Here are pictures of threepinned arches. The
next two diagrams show graphically the behaviour of the funicular and the
forces at the centre of the span. The distance along the x axis represents
the angle of the abutment thrust from the horizontal, in degrees, from 0
to 90. The value 90 is the case of a simple beam, resting freely on two
piers. The upper graph shows the height of the apex of the funicular above
the abutments. The purple lines show the angles at which the funicular
matches the chords at the crown of the arch. In
the lower graph we see the behaviour of the forces in the two chords at
the centre of the span, showing how deviation from the funicular creates
greater forces. In
both graphs, the white lines at left, and the horizontal white lines, are
the axes.
Note
how each force becomes zero at the crown when the funicular passes through
the other chord, and the equality of the forces when the funicular bisects
the truss. A beam is represented by the values at angle = 90. Red represents compression, and blue represents tension.
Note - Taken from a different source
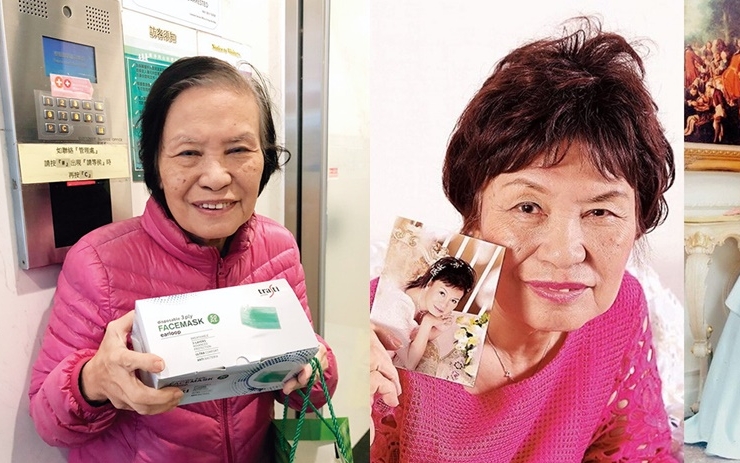 向來獨居的余慕蓮,因為患石耳症又暈又嘔,才自費請外傭照顧。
When one force is zero, the corresponding chord could do without its
central segment, and the arch could become a three pinned one. From
the formulas derived earlier, we can demonstrate that arches can be made
much longer than beams, using the arch depicted above. For
the arch, Ta = Tb = 0.125 W / (R + 0.5 D) with central funicular. For
the beam, Ta = Tb = 0.25 W / D. Thus
Ta(beam) / Ta (arch) = 2 (R + 0.5 D) / D. In
the example we have used, Ta(beam) / Ta(arch) = 2 (0.2 + 0.5 x 0.05) /
0.05, so Ta(beam)
/ Ta(arch) = 9. The forces at the centre of the beam are nine times the
forces at the centre of the arch, for the same weight of material. That is
why arches can be made so much longer than beams. One might expect to be
able to make longer beams could be
made by making them deeper, but this route leads to greater weight, and
possibly to the tied arch.
Definition
of the funicular How
is the funicular defined? Consider a two dimensional object with weight,
supported at two points which are not on the same vertical line. At each
end the funicular is tangential to the supporting force, and between the
ends, the second derivative of the funicular is proportional to the mass
per horizontal distance. This leads to a parabola when the mass per
horizontal distance is uniform, and to a cosh curve (catenary) when the
mass distribution is uniform along the curve. If
the supporting forces are vertical, then the curve is entirely at
infinity, and has no practical use. Furthermore,
if we split the structure between the two supports into two parts, we can
deduce something about the relative strengths of the forces in those
parts. The ratio of the forces is inversely related to the ratio of the
distances of the chords from the funicular. Thus, if the funicular bisects
the structure, the two two chords share the load equally, while if one
chord lies along the funicular, the other chord takes no load. If the
funicular is at infinity, the ratio of the distances is minus one, and the
chords take equal forces but of opposite sign, which is typical of beams. While
this must not be taken too literally with complicated structures, we can
see that an arch which deviates far enough from the funicular will
experience large beamlike forces, and will need to be able to resist
them. For concrete this means reinforcement or prestressing. The extreme
of this is the bent or portal frame. In
real life, we cannot always defer, even slightly, to the funicular. Rooms
in many cultures, for example, are expected to have horizontal floors and
ceilings, and vertical walls  all highly nonfunicular. Having
related the beam, arch and cable, we might think about a cantilever. The
truss we used above was supported at each end, and has weight through out
its length. It could be used as a part of cantilever bridge by supporting
it at the centre, and connecting one end to the ground. The free end would
be used to support a suspended span. Exactly like the beam, the bending
moment at the centre is opposed by opposite forces in the two chords, but
they are interchanged as compared with a beam. In the cantilever, the
tension is in the top and the compression in the bottom. Perhaps
we could summarize the three structures as follows. Trussed
Arch More
or less funicular Top
chord in compression Bottom
chord in compression Distributed
downward self load Moving
downward live load Needs
upward vertical reaction component at ends. Needs
inward thrust component at ends. Trussed
Beam Nonfunicular Top
chord in compression Bottom
chord in tension Distributed
downward self load Moving
downward live load Needs
upward vertical reaction at ends. No
horizontal force at ends Trussed
Cantilever Nonfunicular Top
chord in tension Bottom
chord in compression Distributed
downward self load Moving
downward live load Downward
vertical force at free end from suspended span Needs
vertical reaction at fixed end  polarity depends on design and on live
load. No
horizontal force at ends Trussed
Suspension System You
can work this out from the case of the arch. The Tower Bridge is perhaps
the only well known example. The suspension structures seem to resemble
inverted three pin arches.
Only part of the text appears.